Потом мне кажется, что я все получила от них, что могла получить, что мне видно их “дно”, и я на несколько лет отхожу от них и во время войны опять возвращаюсь, когда вокруг них в Париже остается так мало людей. Но я уже не вхожу в гостиную и не сажусь с ней на диван. Я поднимаюсь по черной лестнице, вхожу в кухню и долго смотрю, как Злобин моет посуду, скребет кастрюли, вытирает вилки и ножи. И мы с ним тихо разговариваем. Там, в гостиной, очень холодно, и Д.С. лежит, укрывшись пледом, а она сидит с ним, и я боюсь потревожить их. И у меня отчетливое впечатление, что они оба доживают, а не живут, что они оба тают, постепенно уходят. И когда я получаю однажды телеграмму (в утро Перл-Харбора): “Merejkovsky dе́cе́dе́…”[43], мне кажется, что это плавное завершение чего-то, чему пора было завершиться, что это естественно, а ее четыре года существования без него – неестественно, ненужно, мучительно и для нее, и для других.

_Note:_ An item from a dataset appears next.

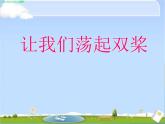 小學音樂讓我們蕩起雙槳-課件-(3)ppt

В последние месяцы своей жизни она иногда говорила (в 1945 году) о событиях, но всегда заканчивала одним и тем же:
– Я ничего не понимаю.
В этом “ничего не понимаю” для меня все больше и больше звучал отказ от жизни, безнадежная пропасть между человеком и миром, смерть, а не жизнь.
– Я стараюсь понять, но не могу понять. Объясните…
В этом “стараюсь” и “объясните” не было содержания: стена все росла между нею и всем остальным и в конце концов отделила ее навеки.
А как она властвовала над всеми, когда в центре гостиной Винаверов (или Цетлиных) ее чуть скрипучий голос покрывал другие голоса или когда говорил Д.С. и она выжидала момент, чтобы напасть на него, или поддержать его, или вступить в разговор между ним и его оппонентом. Как она властвовала над людьми, и как она любила это, вероятно, превыше всего, любила эту “власть над душами”, и все ее радости и мученья были, я думаю, связаны именно с этим властвованием: над маленьким, неизвестным поэтом (Штейгер написал ей письмо, и она смеялась над ним), над которым она расправляла свои темные крылья, чтобы ловчее клюнуть его; над редакторами журналов, нарастившими себе толстую кожу, у которых она отыскивала чувствительные места, чтобы до крови царапнуть их.